Abstract

Mooring systems are responsible to limit the offsets of oil and gas floating production systems due to environmental actions. Therefore, they are extremely important for the overall safety of the floating unit and of the risers system connected to it. Mooring lines are subjected to pre-tension and environmental loads effects and must be designed to comply with the ultimate, accidental and fatigue limit state criteria. In general, floating units mooring lines are composed by a top chain segment, a rope segment, and a bottom chain segment. Most of the accounted failures in mooring lines are related to fatigue damage in the chain links of the top or bottom segments. Material degradation due to corrosion effects plays an important role in this failure mechanism.

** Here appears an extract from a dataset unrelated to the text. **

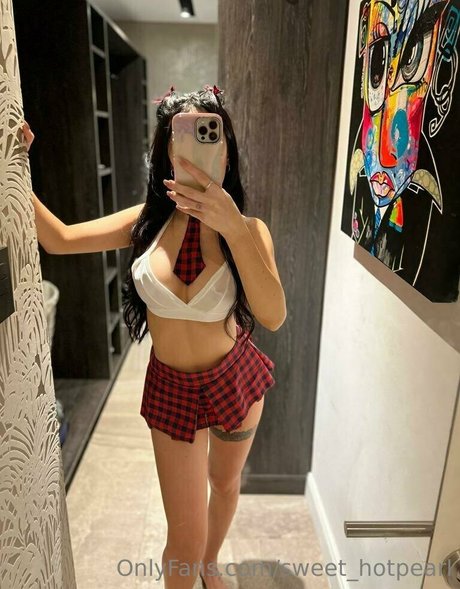 sweet hotpearl nude actress photo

Engineering practice usually recommends that a constant corrosion rate model is to be adopted in the design. Periodic inspections are to be carried out in the mooring lines in order to assess the corrosion effects and other issues during the operational life of the floating system. However, corrosion is a complex phenomenon, which behavior is difficult to predict. Adopting a deterministic corrosion rate can lead to non-realistic results, compromising the system safety and the inspection planning.

Therefore, to consider the problem uncertainties and comply with standards guidance, this work proposes a time-dependent fatigue reliability-based method to update the inspection planning using the results of previous inspections. The method is applied in a case study of a corroded chain segment of a mooring line, assuming a continuously-updated corrosion rate model and the S-N curve fatigue approach.

Results show that the proposed method, based on solid safety assumptions, is a feasible and more reasonable way to define inspection dates, avoiding the mooring system to operate in unacceptable levels of risk.